Dikonfirmasi terpisah, Peneliti Indonesia Corruption Watch (ICW) Kurnia Ramadhana mengatakan, pihaknya ragu pemerintah bakal membahas RUU Perampasan Aset, RUU Pembatasan Transaksi Uang Kartal, dan revisi UU Pemberantasan Tindak Pidana Korupsi.

"Sebab, selama ini arah politik hukum era Presiden Joko Widodo memang terfokus hanya untuk melemahkan institusi pemberantasan korupsi, salah satu wujud konkretnya adalah merevisi Undang-Undang KPK," kata Kurnia.

Menurut Kurnia, regulasi-regulasi itu bisa menjadi suplemen bagi pemberantasan korupsi. Dia mencontohkan, jika ada RUU Perampasan Aset, penegak hukum tidak perlu khawatir jika ada pelaku korupsi yang melarikan diri.

"Sebab, yang akan menjadi objek dari penanganan perkara adalah aset milik pelaku tersebut. Selain itu, sistem pembuktian di persidangan pun akan berbeda, karena mengakomodir sistem pembalikan beban pembuktian," ucapnya.

Selain itu, lanjut Kurnia, RUU Pembatasan Transaksi Uang Kartal juga harus dibahas. Hal ini penting untuk meminimalisir terjadinya tindak pidana suap dengan cara transaksi tunai.

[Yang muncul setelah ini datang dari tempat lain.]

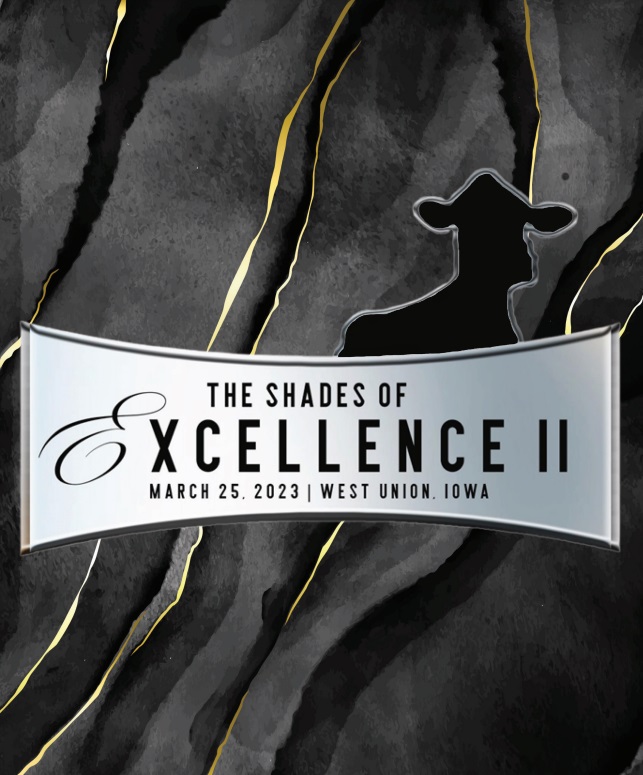 The Shades of Excellence Sale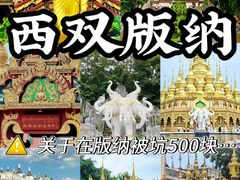 -西双版纳原始森林公园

"Sebab, pola transaksi tunai tersebut menghambat penegak hukum untuk mendeteksi kejahatan itu. Terakhir, merevisi UU tipikor dengan menaikkan ancaman hukuman, baik fisik maupun denda," katanya.

Kurnia menambahkan, berdasarkan data ICW pada semester pertama 2020, total kerugian negara yang diakibatkan praktik korupsi mencapai Rp39 triliun. Sedangkan vonis pengenaan uang pengganti, hanya Rp2,3 triliun.

"Data ini seharusnya semakin menggambarkan betapa pentingnya mempercepat pengesahan dan pengundangan RUU Perampasan Aset. Jadi ke depan, fokus utama bukan hanya sekadar memenjarakan, akan tetapi juga memulihkan kerugian keuangan negara," tutur dia.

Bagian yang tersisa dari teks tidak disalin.